In advanced or metastatic cancers characterized by specific genetic alterations, heightened growth and resistance to conventional therapies are common. Targeted treatments like entrectinib (ENT) precisely inhibit aberrant signaling pathways, potentially enhancing outcomes. The objective of this research is to develop and enhance the effectiveness of entrectinib-loaded nanosponge formulations by utilizing hydroxypropyl-β-cyclodextrin (HPβCD) to improve its oral bioavailability.

Results

The study employed surface response methodology and Design-Expert® software to optimize key formulation variables such as the molar concentration ratio of the polymer and cross-linker, as well as process variables such as stirring speed and duration. Optimization focused on particle size, polydispersity index, and percentage entrapment efficiency. Validation methods encompassed Fourier transform spectroscopy (FTIR), differential scanning calorimetry (DSC), scanning electron microscopy (SEM), in vitro release studies, and in vivo studies.

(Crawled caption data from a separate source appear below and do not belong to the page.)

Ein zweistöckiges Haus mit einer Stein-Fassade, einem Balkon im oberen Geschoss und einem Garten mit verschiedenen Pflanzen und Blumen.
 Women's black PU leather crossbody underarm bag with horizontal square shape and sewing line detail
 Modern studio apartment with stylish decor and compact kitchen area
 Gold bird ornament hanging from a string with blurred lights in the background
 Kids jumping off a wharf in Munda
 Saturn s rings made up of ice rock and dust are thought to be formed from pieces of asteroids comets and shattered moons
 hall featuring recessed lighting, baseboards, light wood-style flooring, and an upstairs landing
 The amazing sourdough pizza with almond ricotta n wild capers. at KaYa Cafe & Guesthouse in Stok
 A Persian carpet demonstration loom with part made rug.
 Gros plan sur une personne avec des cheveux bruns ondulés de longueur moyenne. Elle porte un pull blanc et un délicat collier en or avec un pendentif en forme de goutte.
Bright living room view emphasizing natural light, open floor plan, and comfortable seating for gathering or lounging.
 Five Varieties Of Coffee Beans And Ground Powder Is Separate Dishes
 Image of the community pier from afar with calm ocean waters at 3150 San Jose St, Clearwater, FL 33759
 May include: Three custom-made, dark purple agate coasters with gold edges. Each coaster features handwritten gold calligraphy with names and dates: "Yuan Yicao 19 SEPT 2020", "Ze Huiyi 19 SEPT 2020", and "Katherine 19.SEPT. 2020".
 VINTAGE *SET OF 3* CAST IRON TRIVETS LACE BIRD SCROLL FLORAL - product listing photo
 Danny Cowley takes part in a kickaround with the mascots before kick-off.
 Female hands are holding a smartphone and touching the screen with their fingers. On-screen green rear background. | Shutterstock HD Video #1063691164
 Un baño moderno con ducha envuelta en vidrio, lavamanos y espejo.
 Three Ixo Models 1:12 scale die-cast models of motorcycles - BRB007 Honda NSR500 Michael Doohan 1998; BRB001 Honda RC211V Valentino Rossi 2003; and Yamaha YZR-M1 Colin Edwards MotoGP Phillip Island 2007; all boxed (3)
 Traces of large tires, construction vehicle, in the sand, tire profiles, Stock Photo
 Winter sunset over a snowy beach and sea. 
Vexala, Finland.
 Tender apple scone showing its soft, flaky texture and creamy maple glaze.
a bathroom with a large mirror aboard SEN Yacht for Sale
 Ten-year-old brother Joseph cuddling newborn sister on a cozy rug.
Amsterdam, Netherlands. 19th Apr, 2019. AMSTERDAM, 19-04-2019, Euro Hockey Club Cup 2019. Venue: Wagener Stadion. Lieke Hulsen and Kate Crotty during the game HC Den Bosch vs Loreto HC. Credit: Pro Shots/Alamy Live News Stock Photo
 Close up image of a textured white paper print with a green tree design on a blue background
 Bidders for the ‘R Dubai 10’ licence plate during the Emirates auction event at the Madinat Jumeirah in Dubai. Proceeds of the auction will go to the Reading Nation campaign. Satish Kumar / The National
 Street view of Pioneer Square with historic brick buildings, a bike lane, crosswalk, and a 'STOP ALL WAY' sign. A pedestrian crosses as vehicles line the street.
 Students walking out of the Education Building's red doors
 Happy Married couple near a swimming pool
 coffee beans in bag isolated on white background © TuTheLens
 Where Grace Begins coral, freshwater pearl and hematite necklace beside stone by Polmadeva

After optimization, ENT-loaded HPβCD NSPs were formulated with a molar ratio (P:CL) of 0.800 mg, stirred at 3000 rpm for 420 min, achieving a desirability of 0.926. Predicted values for PS (particle size), PdI (polydispersity index), and EE % (entrapment efficiency) were 146.98 nm, 0.263, and 88.29%, respectively. The optimized formulation showed a mean size of 151.8 ± 5.6 nm, PDI of 0.233 ± 0.049, and EE of 87.36 ± 1.61%. Further validation through various analyses confirmed the optimization's efficacy, with notable improvements demonstrated in AUC0-t (6.30-fold) and Cmax (4.10 times) compared to the free drug.

Conclusion

The findings of the study indicated that nanosponges exhibit promise as an effective carrier for delivering entrectinib, addressing for advance tumor effectively by enhancing release and bioavailability in the treatment of cancer.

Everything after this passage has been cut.